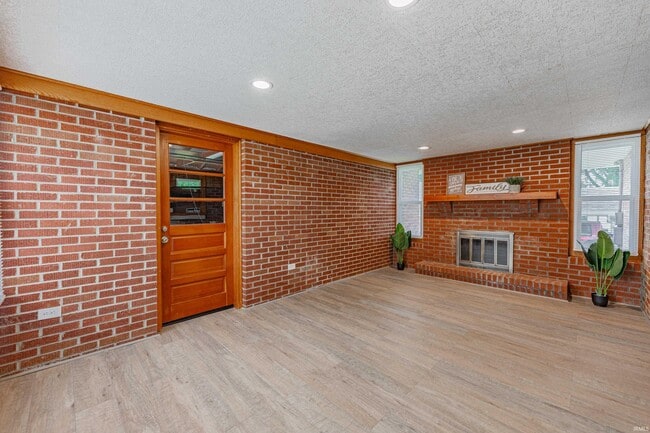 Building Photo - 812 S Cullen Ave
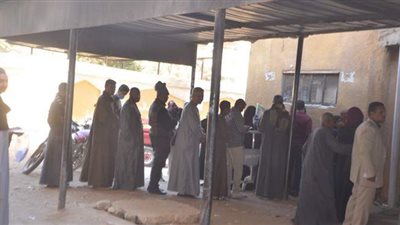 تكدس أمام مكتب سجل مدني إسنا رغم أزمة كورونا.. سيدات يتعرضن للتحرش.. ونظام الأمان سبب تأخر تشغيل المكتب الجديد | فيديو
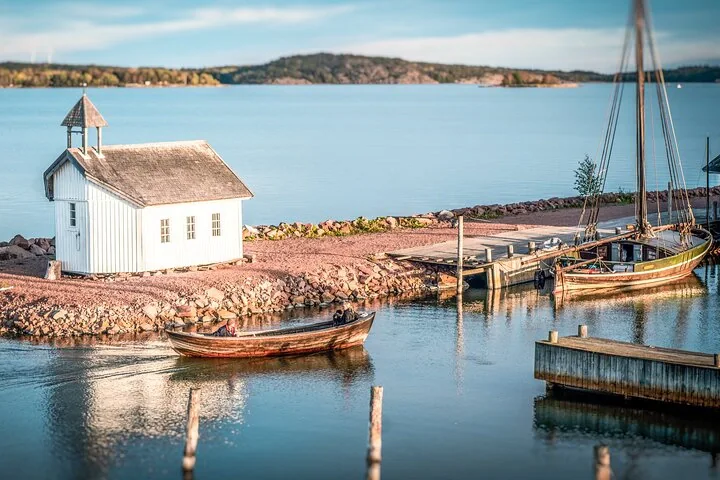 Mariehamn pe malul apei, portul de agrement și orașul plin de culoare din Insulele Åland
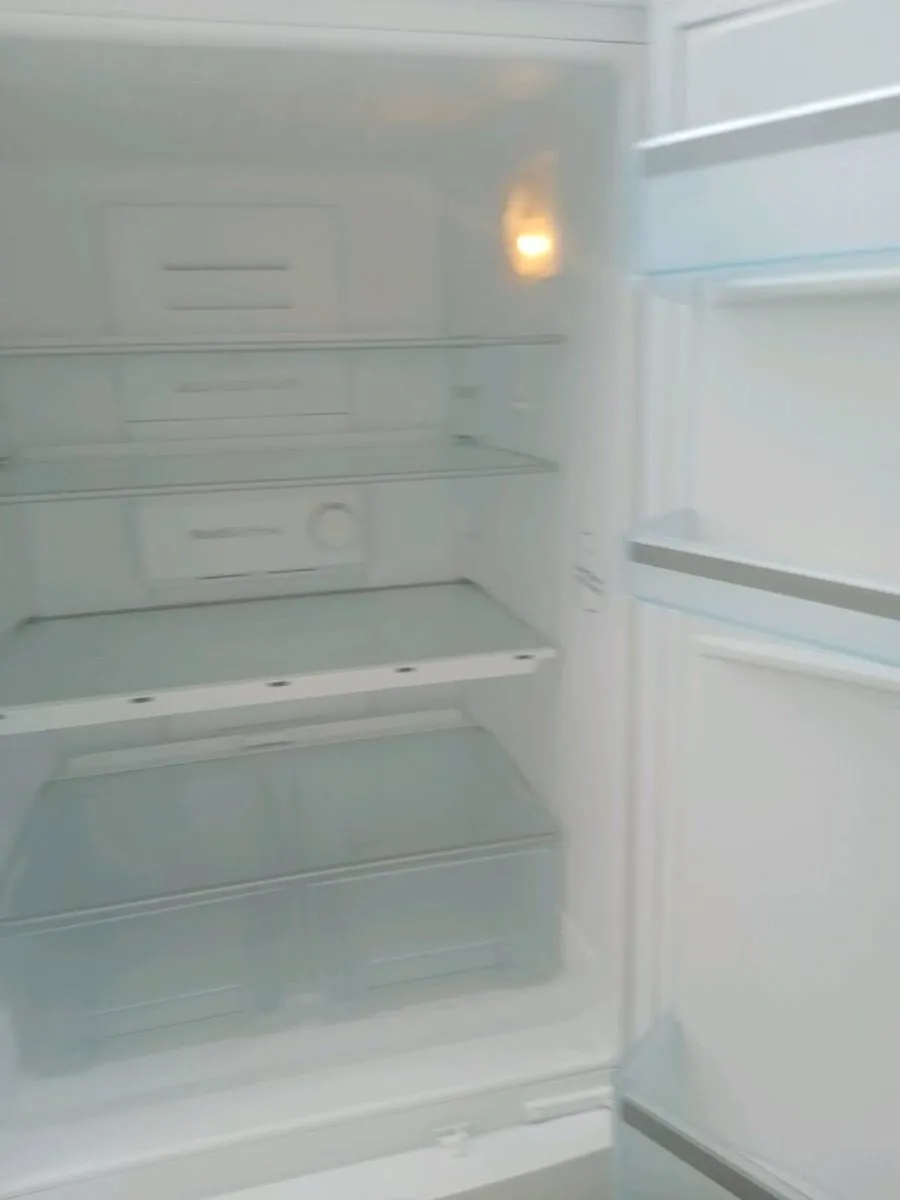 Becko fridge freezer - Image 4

--

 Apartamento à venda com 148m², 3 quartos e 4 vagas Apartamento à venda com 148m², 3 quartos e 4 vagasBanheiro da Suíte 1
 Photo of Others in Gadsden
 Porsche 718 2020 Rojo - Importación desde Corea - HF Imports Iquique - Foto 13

## What is expected
In the listing above, find the line with "Photo of Others in Gadsden" and the line with "Porsche 718 2020", then print exactly those lines and every line between them.

## Exercise response
 Photo of Others in Gadsden
 Porsche 718 2020 Rojo - Importación desde Corea - HF Imports Iquique - Foto 13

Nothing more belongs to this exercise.